Your objective: Every line of the material below needs to be copied exactly; omit the pictures.

Data provided:
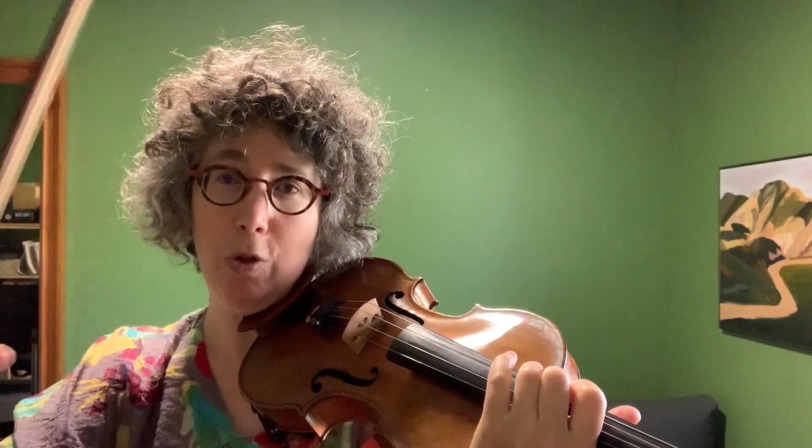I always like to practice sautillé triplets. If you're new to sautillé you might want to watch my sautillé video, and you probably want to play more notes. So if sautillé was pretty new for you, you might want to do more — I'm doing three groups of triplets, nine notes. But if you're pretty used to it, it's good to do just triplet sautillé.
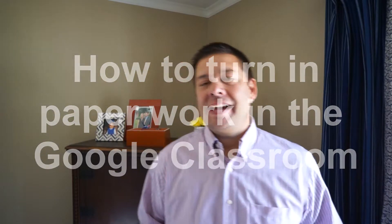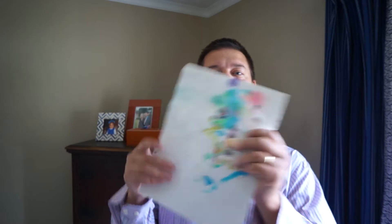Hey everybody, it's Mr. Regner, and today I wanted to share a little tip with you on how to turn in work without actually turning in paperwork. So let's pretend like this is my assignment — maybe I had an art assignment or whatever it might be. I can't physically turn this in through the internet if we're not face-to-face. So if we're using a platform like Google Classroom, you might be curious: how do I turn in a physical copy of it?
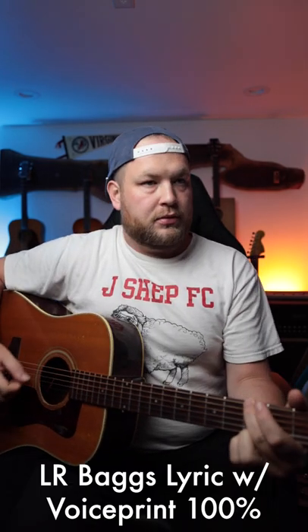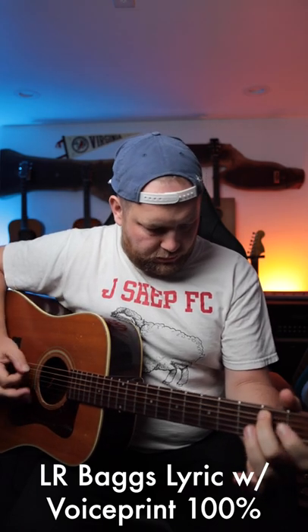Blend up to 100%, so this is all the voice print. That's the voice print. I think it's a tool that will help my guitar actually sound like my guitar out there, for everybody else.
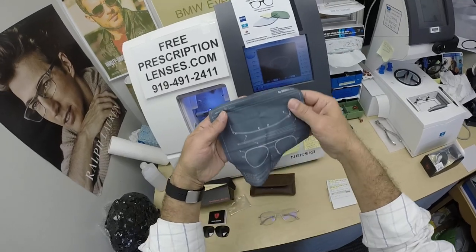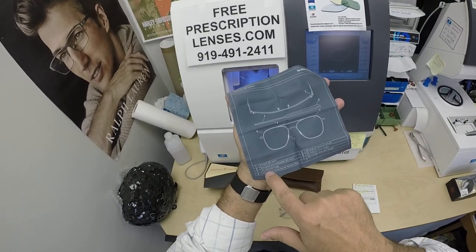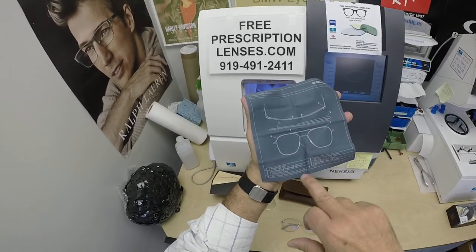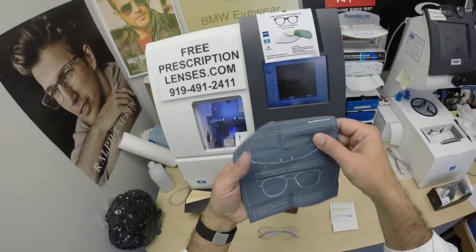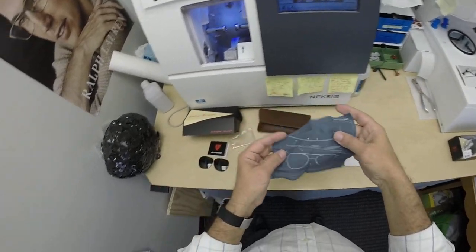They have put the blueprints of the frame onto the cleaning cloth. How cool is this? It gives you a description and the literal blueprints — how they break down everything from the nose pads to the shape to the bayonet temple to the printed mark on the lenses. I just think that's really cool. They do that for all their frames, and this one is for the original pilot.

Answer box:
I always like to practice sautillé triplets. If you're new to sautillé you might want to watch my sautillé video, and you probably want to play more notes. So if sautillé was pretty new for you, you might want to do more — I'm doing three groups of triplets, nine notes. But if you're pretty used to it, it's good to do just triplet sautillé.
Hey everybody, it's Mr. Regner, and today I wanted to share a little tip with you on how to turn in work without actually turning in paperwork. So let's pretend like this is my assignment — maybe I had an art assignment or whatever it might be. I can't physically turn this in through the internet if we're not face-to-face. So if we're using a platform like Google Classroom, you might be curious: how do I turn in a physical copy of it?
Blend up to 100%, so this is all the voice print. That's the voice print. I think it's a tool that will help my guitar actually sound like my guitar out there, for everybody else.
They have put the blueprints of the frame onto the cleaning cloth. How cool is this? It gives you a description and the literal blueprints — how they break down everything from the nose pads to the shape to the bayonet temple to the printed mark on the lenses. I just think that's really cool. They do that for all their frames, and this one is for the original pilot.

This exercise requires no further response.